Too bad about your neighbors threatening to shoot dogs on their property. Don't they have dogs themselves?


----------



## mekasmom (Jan 19, 2010)

Use an electric fence with the shock collars. I think they are called invisible fences? or something like that. PetSmart Brand are inexpensive and work well. Just buy extra collars for each dog.
Anatolians are a lot harder to keep in than GP. I had to put two zappers on the collar to keep the anatolian on the property.


----------



## Larca (May 31, 2012)

BarbadosSheep. I know of two specific dogs who do not leave their property ever, it is almost as if they are programmed to know the perimeters of where they can and cannot go. One is a GSD owned by the previous owner of my house, when they lived here, she would refuse to leave, was even reluctant to leave with her own owner. Another is a Border Collie(working dog) owned by another neighbor. His barrier is the woods and end of the driveway, he will go no further. I just wonder how these people do it? I mean, is there some kind of training that can be done to prevent the wandering, or is this some kind of rare instinct that some dogs just naturally have? I was just hoping that there would somehow be a way to have a Pyr who would also stick around.

Jason, I imagine I could probably do that, however I would have to change my method of fencing/enclosure.

Ong, sounds like a pretty good dog you have there. Those neighbors I speak of have every kind of animal imaginable except for dogs. My dogs got loose one day, I was all over the countryside looking for them. I asked him if he had seen them, he said no, but I better find them before he does because if he catches them near his livestock he would have to take them out. My dogs are good and gentle will all animals, they been around every type of animal whether it be ferrets, cats, rabbits, to horses and cows. They are no threat to anyone's animals. Makes me feel really ill at ease that they can be put in harms way if they get loose again.


----------



## Larca (May 31, 2012)

Mekasmom, we actually looked into that before. There is a fair sized amount of property I would like the dog to have, I would imagine that would run me into thousands, but still it is something I may take into consideration. thanks.


----------



## BarbadosSheep (Jun 27, 2011)

Larca said:


> BarbadosSheep. I know of two specific dogs who do not leave their property ever, it is almost as if they are programmed to know the perimeters of where they can and cannot go. One is a GSD owned by the previous owner of my house, when they lived here, she would refuse to leave, was even reluctant to leave with her own owner. Another is a Border Collie(working dog) owned by another neighbor. His barrier is the woods and end of the driveway, he will go no further. I just wonder how these people do it? I mean, is there some kind of training that can be done to prevent the wandering, or is this some kind of rare instinct that some dogs just naturally have? I was just hoping that there would somehow be a way to have a Pyr who would also stick around.
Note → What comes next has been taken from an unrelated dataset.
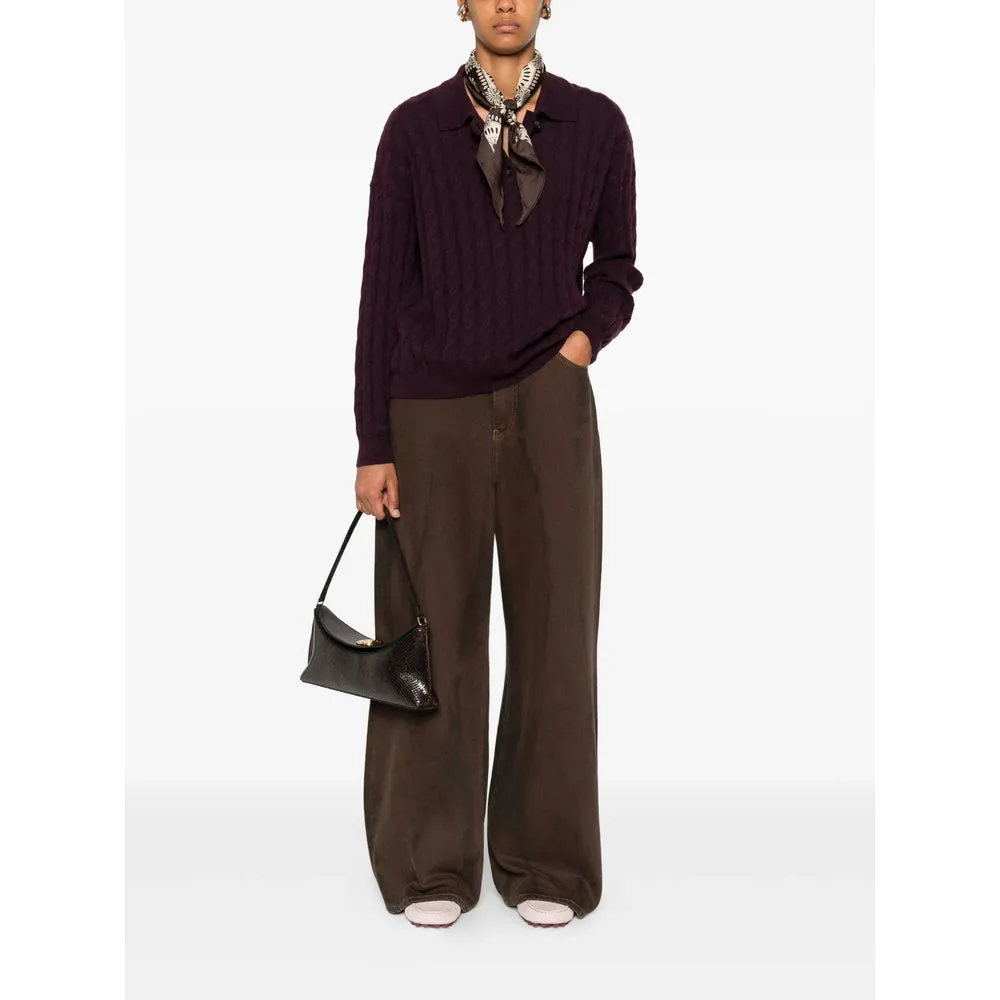 Sweaters Purple sold by Wanan Luxury product image thumbnail 5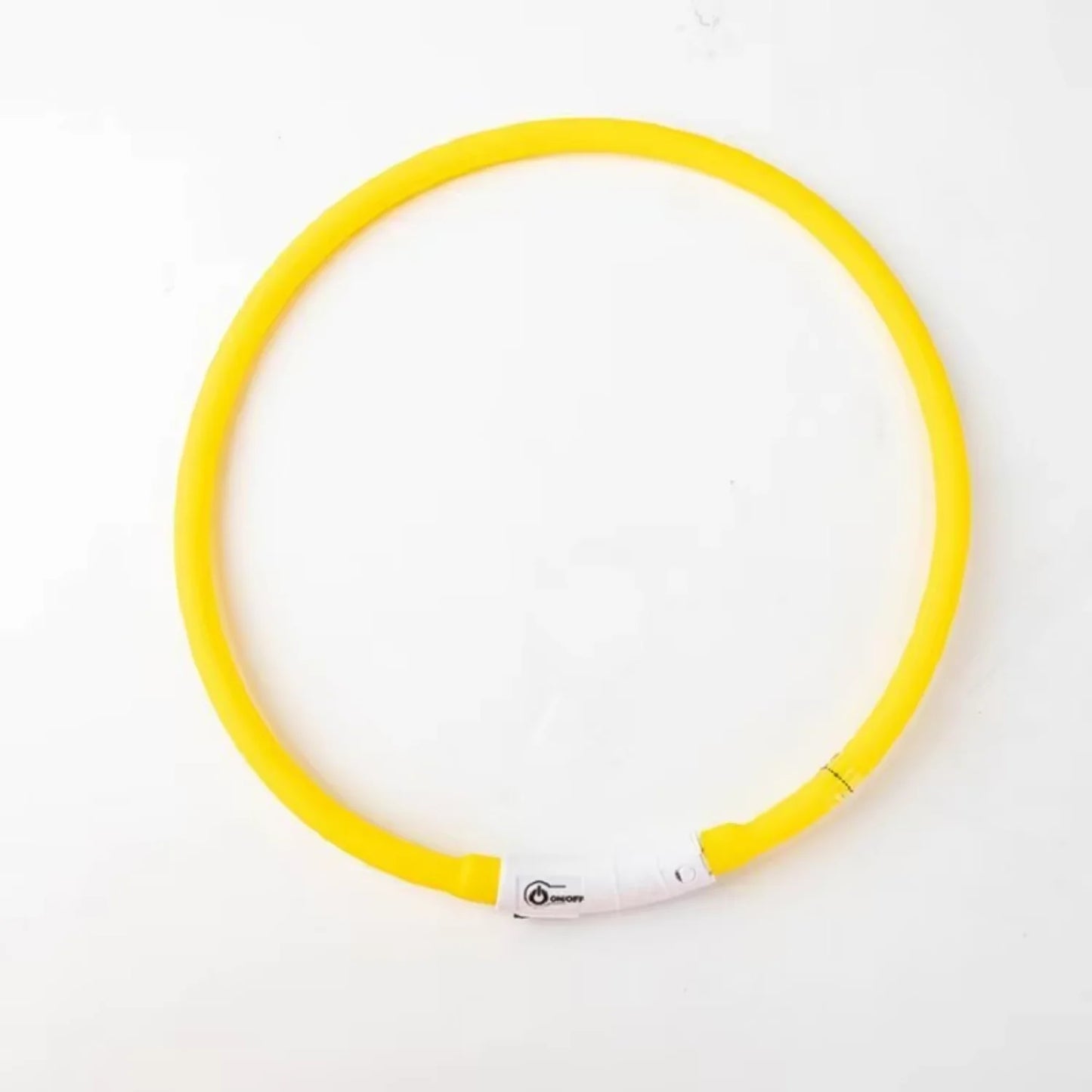 Rechargeable LED Light Dog Collar; Waterproof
Oh, I know of many dogs who won't leave property. I have one myself....an awesome pitbull! But the livestock guardian breeds (LGD) are totally different and those are the dogs I was refering to. THOSE dogs are genetically programmed to wander. 
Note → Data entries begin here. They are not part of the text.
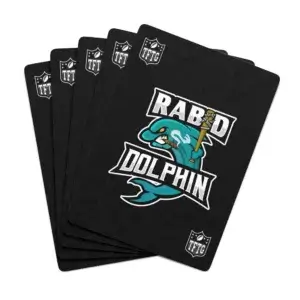 Rabid Dolphin High~Roller Playing Cards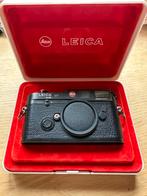 Leica M6 0,72 Zwart, Ophalen of Verzenden, Zo goed als nieuw, Leica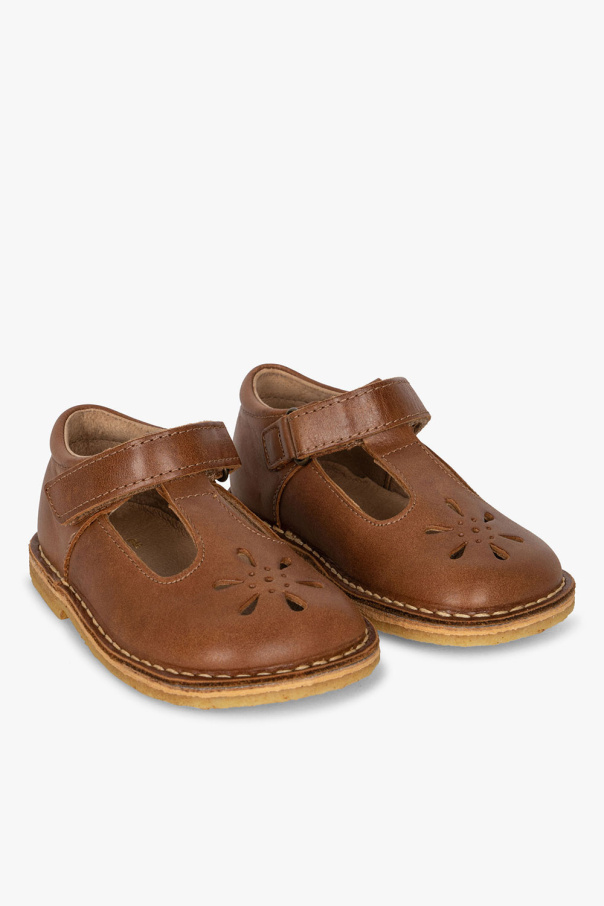 Konges Sløjd ‘Chou’ leather Flat shoes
I know you are worried about your neighbor shooting your dogs but honestly since he does have livestock I understand totally where he is coming from. You know your dogs and know they won't hurt animals but your neighbor sees them as a threat. I have been in his shoes many times. I have had livestock killed and maimed by neighbor's "friendly" dogs too many times to count. So I have very limited patience for dogs on my property. Just the other day we had two large German Shepherds trying to get into one of my sheep pastures. My Anatolians were going crazy! I did not kill them but we did pepper them with birdshot and chased them down the road with a 4 wheeler. I don't think they will be back. If they had not been well kept dogs with collar though, they would not have left my property. It was obvious they were someone's pets that had probably escaped and I was in a good mood so I gave them a free pass......this time. Years of burying my dead animals have hardened my heart towards trespassing dogs. Your neighbor has probably had similar experiences so don't judge him too harshly for his lack of understanding towards your dogs.


----------



## pancho (Oct 23, 2006)

The way a dog acts on the property and to the animals belonging to his master can be quite a bit different than the way they act around another person's property and animals.


----------



## thaiblue12 (Feb 14, 2007)

Unless you have dog proof fencing, lots of acreage and no close by neighbors a Pyr is not for you. They do like to wander, and they lke to bark, all night long. Now if the dog is practically in your backyard I find it personally annoying to hear my dog bark and bark and bark and bark! But if you have close neighbors they are going to be even more annoyed and yours do not seem to be quite neighborly. 

I like Anatolians who are more homebodies and bark less. 
Mine are Pyr/Ana crosses, I like the combo but one is a bit more wandery and barky then the other. I hope as he gets older he realizes that not every tumbleweed is a coyote in disguise, not every bird in the sky is a hawk. 

Livestock Guardian Dogs and look up the other breeds. 
Do not get anything mixed with a non-guardian breed. Like an Aussie/Pyr mix, or Pyr whatever ran by mix. IMO those cannot be trusted to do the same job as guardian dogs and left with the livestock 24/7.


----------



## Batt (Sep 8, 2006)

Our Labrador knows that his limits are the fence line, and the paved road. He never wanders. Our Pyr has the run of the field fenced goat pasture. He never digs out, but he could (my how that dog can dig.). He never gets out and seems well pleased.


----------



## Looking4ewes (Apr 30, 2006)

What sort of livestock need guarding? What sort of fence do you currently have containing them? How much acreage is fenced off now? Hard to determine a breed without knowing the particulars of your situation.


----------



## Larca (May 31, 2012)

Batt, did you train your Lab to know the boundaries, or does he just stay naturally. I know I would love to solve the wandering issue I have with the two I have now.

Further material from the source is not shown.